**DIRECTIONS FOR THIS TASK**
Your answer should be the lines below from the one holding "Spacious living room" through the one holding "A sage, blush", copied exactly and with nothing else.

**RECORDS PROVIDED**
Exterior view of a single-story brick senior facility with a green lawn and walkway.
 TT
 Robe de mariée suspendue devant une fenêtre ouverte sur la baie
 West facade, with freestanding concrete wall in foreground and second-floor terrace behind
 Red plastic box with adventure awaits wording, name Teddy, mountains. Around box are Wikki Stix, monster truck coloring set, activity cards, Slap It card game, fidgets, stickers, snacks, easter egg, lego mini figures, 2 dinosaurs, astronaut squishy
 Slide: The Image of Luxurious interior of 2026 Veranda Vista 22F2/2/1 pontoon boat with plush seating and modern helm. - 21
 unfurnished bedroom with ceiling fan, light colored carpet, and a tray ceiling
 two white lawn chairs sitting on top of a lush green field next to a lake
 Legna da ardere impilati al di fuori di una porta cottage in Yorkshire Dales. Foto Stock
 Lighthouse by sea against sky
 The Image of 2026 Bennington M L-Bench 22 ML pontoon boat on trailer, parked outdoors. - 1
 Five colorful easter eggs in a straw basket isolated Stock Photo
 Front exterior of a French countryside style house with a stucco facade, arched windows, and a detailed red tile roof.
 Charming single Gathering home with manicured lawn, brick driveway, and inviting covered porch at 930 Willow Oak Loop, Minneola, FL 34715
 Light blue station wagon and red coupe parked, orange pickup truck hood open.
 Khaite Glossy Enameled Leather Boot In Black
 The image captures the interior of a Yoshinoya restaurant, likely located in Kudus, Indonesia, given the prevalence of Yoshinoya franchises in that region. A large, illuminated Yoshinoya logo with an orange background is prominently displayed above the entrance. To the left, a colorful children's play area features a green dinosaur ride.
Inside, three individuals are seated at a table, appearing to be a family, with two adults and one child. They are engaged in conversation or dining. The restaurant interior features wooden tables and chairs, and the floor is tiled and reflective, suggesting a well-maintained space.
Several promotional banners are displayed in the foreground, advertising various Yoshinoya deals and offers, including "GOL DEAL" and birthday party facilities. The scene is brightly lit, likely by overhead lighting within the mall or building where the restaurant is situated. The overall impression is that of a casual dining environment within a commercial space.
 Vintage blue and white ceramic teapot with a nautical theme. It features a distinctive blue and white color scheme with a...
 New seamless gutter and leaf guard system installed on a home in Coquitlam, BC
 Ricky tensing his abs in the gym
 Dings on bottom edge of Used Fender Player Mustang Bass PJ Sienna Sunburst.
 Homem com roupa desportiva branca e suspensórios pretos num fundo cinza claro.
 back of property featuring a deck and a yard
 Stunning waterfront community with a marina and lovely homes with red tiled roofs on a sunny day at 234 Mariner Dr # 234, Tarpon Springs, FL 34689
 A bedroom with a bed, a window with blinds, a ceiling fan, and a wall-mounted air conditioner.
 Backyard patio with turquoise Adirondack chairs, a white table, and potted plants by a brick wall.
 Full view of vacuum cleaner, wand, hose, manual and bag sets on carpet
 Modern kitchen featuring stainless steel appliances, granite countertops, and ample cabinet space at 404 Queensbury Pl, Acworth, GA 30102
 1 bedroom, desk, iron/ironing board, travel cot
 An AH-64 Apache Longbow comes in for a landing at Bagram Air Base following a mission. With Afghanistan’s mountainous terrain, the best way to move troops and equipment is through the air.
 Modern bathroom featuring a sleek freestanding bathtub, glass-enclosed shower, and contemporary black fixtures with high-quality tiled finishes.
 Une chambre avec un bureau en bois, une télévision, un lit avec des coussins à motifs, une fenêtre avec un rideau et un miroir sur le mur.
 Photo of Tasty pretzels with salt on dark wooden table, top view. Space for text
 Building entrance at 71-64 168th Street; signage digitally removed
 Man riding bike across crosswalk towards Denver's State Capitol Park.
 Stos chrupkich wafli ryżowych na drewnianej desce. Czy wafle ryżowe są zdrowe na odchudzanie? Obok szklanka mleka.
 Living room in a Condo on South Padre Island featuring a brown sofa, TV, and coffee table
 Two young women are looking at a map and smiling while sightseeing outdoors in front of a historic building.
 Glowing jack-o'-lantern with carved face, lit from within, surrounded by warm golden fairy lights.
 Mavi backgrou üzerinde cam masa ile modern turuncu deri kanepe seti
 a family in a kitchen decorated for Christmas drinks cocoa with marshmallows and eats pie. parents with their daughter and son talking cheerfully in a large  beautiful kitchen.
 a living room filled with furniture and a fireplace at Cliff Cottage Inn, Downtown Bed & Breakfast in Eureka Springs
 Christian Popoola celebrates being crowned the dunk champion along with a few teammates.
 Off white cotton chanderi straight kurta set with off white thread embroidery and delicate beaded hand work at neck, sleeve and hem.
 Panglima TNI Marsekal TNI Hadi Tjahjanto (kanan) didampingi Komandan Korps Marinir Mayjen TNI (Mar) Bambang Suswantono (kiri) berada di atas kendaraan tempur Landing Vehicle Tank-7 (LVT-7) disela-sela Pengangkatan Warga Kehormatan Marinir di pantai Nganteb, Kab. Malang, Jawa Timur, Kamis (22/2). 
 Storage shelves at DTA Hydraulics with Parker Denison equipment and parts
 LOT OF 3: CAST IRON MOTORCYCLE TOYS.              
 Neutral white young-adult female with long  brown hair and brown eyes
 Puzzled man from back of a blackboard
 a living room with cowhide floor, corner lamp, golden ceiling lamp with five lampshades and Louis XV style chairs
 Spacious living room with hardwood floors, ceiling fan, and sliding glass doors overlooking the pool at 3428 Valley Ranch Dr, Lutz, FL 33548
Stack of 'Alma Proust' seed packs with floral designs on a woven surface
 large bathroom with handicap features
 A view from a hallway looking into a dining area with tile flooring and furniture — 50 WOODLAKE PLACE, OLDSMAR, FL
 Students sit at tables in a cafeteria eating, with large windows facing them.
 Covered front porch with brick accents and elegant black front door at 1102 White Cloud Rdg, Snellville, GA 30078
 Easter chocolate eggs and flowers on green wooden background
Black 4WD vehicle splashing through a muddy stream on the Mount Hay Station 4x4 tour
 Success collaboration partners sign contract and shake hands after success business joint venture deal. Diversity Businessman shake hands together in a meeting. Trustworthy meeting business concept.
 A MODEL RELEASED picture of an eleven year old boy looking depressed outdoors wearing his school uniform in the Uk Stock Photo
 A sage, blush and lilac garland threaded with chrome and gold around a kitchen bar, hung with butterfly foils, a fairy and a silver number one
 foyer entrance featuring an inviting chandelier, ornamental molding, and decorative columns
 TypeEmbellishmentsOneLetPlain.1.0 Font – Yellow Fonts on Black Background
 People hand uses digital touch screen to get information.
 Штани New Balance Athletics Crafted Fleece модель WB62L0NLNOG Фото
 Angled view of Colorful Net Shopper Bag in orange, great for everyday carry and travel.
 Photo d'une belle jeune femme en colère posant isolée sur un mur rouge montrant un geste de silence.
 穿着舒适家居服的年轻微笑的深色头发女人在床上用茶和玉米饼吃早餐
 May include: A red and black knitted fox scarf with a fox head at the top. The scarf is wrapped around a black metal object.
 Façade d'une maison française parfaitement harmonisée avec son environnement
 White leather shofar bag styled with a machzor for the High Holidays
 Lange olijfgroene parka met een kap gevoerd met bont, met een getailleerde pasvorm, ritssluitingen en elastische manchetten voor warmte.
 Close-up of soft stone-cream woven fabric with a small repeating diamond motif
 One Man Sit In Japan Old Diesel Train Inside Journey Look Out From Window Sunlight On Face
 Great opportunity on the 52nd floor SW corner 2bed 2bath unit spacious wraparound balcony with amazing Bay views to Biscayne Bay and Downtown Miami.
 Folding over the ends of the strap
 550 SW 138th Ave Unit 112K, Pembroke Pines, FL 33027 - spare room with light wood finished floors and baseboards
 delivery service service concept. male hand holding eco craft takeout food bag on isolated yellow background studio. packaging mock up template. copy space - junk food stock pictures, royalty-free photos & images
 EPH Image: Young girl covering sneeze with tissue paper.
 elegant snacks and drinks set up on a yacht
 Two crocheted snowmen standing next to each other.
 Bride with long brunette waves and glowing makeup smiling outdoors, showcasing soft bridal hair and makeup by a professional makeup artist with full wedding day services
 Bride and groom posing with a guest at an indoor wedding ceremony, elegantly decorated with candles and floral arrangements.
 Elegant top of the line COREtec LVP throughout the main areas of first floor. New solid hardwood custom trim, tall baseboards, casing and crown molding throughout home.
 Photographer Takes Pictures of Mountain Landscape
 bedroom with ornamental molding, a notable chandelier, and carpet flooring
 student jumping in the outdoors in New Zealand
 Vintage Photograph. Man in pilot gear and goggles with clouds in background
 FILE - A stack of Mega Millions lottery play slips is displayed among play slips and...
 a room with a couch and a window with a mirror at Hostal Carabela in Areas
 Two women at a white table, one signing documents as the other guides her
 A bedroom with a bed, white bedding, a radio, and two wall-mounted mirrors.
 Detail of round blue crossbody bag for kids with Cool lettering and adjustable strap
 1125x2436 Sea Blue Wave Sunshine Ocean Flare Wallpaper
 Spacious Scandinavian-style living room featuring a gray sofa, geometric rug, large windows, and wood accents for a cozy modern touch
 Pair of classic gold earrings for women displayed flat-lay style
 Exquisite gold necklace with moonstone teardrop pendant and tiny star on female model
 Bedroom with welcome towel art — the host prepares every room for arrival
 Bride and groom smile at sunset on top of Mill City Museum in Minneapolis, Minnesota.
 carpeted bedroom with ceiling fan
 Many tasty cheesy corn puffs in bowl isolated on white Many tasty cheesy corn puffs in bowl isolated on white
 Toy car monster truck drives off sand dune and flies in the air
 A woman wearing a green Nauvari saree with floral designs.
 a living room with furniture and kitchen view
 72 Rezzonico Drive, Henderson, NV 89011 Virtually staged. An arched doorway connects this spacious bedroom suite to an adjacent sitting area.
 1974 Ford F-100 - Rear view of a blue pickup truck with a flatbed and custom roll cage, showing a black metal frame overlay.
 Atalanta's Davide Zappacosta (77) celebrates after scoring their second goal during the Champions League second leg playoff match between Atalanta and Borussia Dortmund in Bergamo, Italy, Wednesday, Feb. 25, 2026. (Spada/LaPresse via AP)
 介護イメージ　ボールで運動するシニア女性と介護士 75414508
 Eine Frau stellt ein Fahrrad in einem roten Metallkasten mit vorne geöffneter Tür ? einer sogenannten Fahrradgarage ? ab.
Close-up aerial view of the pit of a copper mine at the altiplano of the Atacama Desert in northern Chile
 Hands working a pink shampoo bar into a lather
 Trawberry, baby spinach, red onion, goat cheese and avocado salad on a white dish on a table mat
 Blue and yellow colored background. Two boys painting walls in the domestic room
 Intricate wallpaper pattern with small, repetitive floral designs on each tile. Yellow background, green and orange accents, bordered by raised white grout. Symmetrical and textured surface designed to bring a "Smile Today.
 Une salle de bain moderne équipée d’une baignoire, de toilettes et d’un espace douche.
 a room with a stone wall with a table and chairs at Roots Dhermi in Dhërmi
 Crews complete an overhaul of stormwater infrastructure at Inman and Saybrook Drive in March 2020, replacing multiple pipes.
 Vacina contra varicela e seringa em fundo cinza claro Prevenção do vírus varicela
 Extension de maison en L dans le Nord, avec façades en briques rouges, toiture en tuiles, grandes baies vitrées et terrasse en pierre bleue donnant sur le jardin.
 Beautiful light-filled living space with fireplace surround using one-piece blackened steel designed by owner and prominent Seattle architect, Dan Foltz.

**SOLVED PROBLEM**
 Spacious living room with hardwood floors, ceiling fan, and sliding glass doors overlooking the pool at 3428 Valley Ranch Dr, Lutz, FL 33548
Stack of 'Alma Proust' seed packs with floral designs on a woven surface
 large bathroom with handicap features
 A view from a hallway looking into a dining area with tile flooring and furniture — 50 WOODLAKE PLACE, OLDSMAR, FL
 Students sit at tables in a cafeteria eating, with large windows facing them.
 Covered front porch with brick accents and elegant black front door at 1102 White Cloud Rdg, Snellville, GA 30078
 Easter chocolate eggs and flowers on green wooden background
Black 4WD vehicle splashing through a muddy stream on the Mount Hay Station 4x4 tour
 Success collaboration partners sign contract and shake hands after success business joint venture deal. Diversity Businessman shake hands together in a meeting. Trustworthy meeting business concept.
 A MODEL RELEASED picture of an eleven year old boy looking depressed outdoors wearing his school uniform in the Uk Stock Photo
 A sage, blush and lilac garland threaded with chrome and gold around a kitchen bar, hung with butterfly foils, a fairy and a silver number one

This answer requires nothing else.